Fence funnels are great for two reasons: No 1: They are great places to hang a trail cam to get an idea of what bucks are in the area. No 2: They can be productive places to hunt mature bucks if the surrounding areas are not too open. If the fence funnel is too open for mature bucks to move through, you will get trail-cam intel of the night movement, which can be very useful. This was the case with my buck.
I gained access to a new piece of property that I had never set foot on. I scouted it in 2017 and hung a few cams in likely places. That year I received trail-cam intel of my buck as a 4 1/2-year-old 10-point near a thick transition area near a fence funnel. I missed my chance at him that year because I was hunting a different state when he was on his feet chasing does.
Fast forward to 2018. I was not getting any trail-cam footage of him. I simply could not find him. So, I started scouting the property more and found another fence funnel, but it was in open hardwoods and was being used heavily. It was at this fence funnel that I found “The King,” as I nicknamed him. He was only using the funnel at about 3 a.m. and was not showing up on my cams anywhere else. This was the only place he was using, even well before hunting season started.
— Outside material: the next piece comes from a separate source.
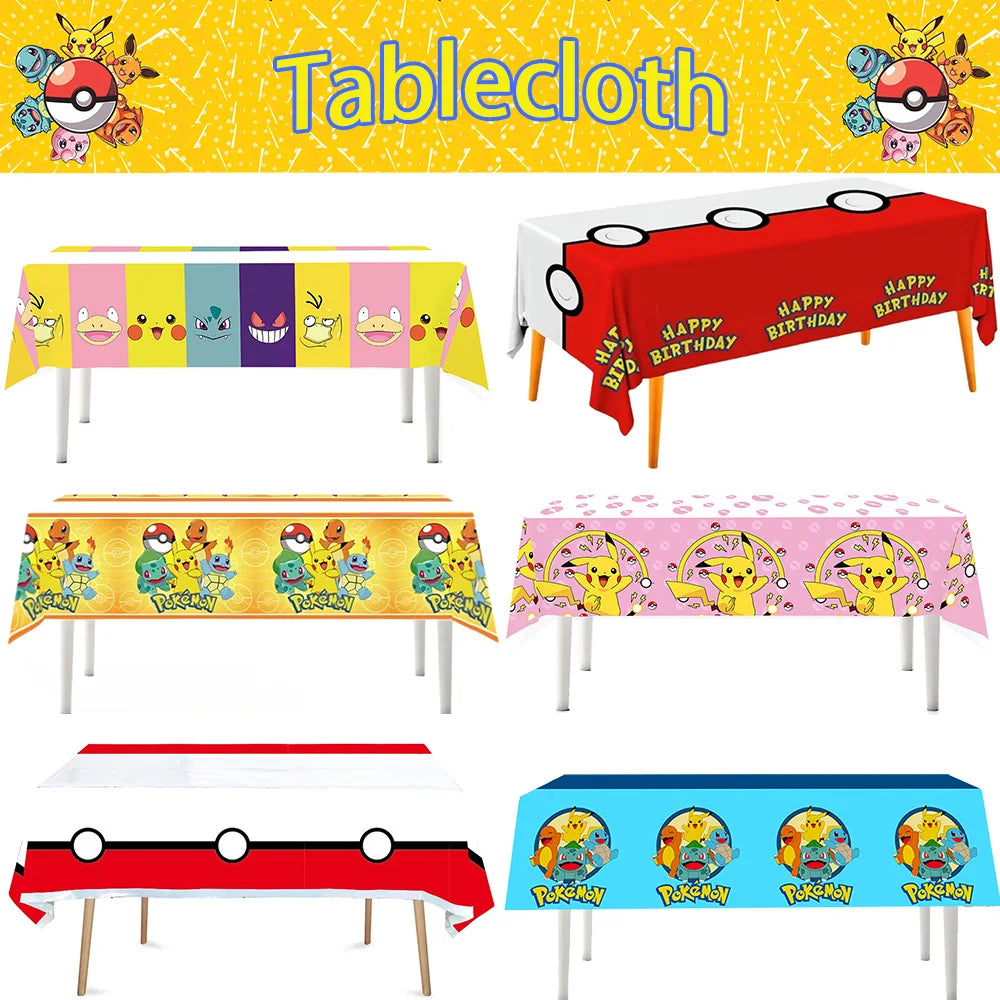 1/10Pcs Pokemon Tablecloth Birthday Decoration Disposable Tablecloth Pikachu Tablecover Kids Birthday Gifts Baby Shower Supplies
As soon as I saw how careful he was being with his movements, I knew that a doe would have to bring him to me to kill him. I couldn’t dive any deeper toward where he was bedding due to property lines.
In 2017, when I captured him on my cam, he was chasing a doe on Nov. 28. With him being a mature buck, this date would likely be primetime again. With the past year’s info and the trail-cam intel, I had a place that I saved specially for the rut that I didn’t hunt the entire year, until the day I killed him. The place where I killed The King was a triangle-shaped open hardwood area, but on each side were thick bedding areas, with a fence funnel coming out of one of them. To get to each bedding area, the bucks had to go through these open hardwoods, because of an adjacent field that would help my cause, as I did not think this careful buck would walk out in that field.
Sure enough, on Nov. 28 I hunted this area for the first time that season. At 5 in the evening, a doe burst out of the bedding area with a small buck and The King right on her tail. I had to literally yell at the deer to get him to stop, and when he did, he was at 35 yards. The doe ran out in the field, but he did not want to go out in the open, so when he stopped, I took my shot.
Finding the fence funnel that he was using only at night let me know he was still there. Finding the fence funnel from 2017 is the actual funnel he used on the day I killed him and was the correct funnel to hunt, as it was the one that was in the thicker transition area. Some of the older bucks I have killed on this property and other properties prefer using fence funnels when they are available. They are a staple for things that I look for anywhere I go. Give it a try and save them for when the bucks are on their feet, either looking for does or chasing them.